• WHAT TO PRODUCE: Under this line sits a listing. Repeat exactly and only its lines from the one holding "Giới thiệu về đá gà Thomo" through the one holding "117659488_10223635796507159_788489548325873605_n"; skip pictures.

• DATA TO USE:

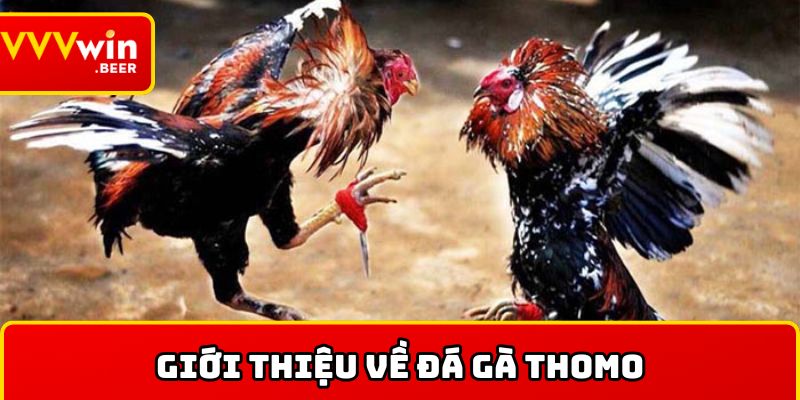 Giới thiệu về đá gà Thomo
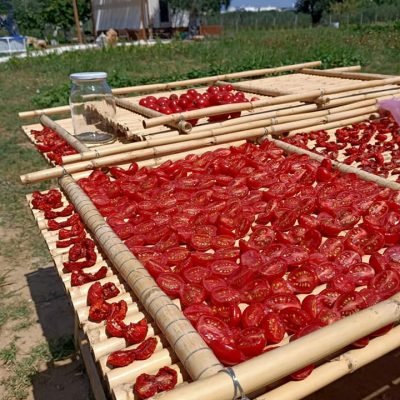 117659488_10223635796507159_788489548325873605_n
* * *
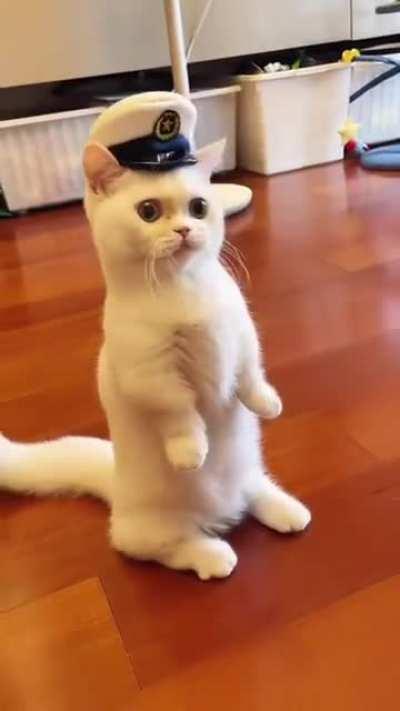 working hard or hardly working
* * *
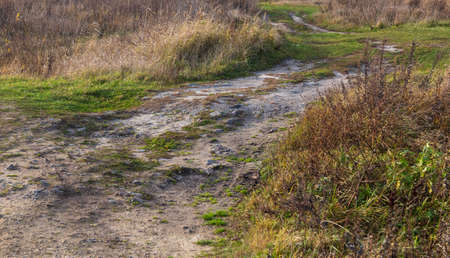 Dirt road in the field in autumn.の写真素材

• SOLUTION TO THIS EXERCISE:
 Giới thiệu về đá gà Thomo
 117659488_10223635796507159_788489548325873605_n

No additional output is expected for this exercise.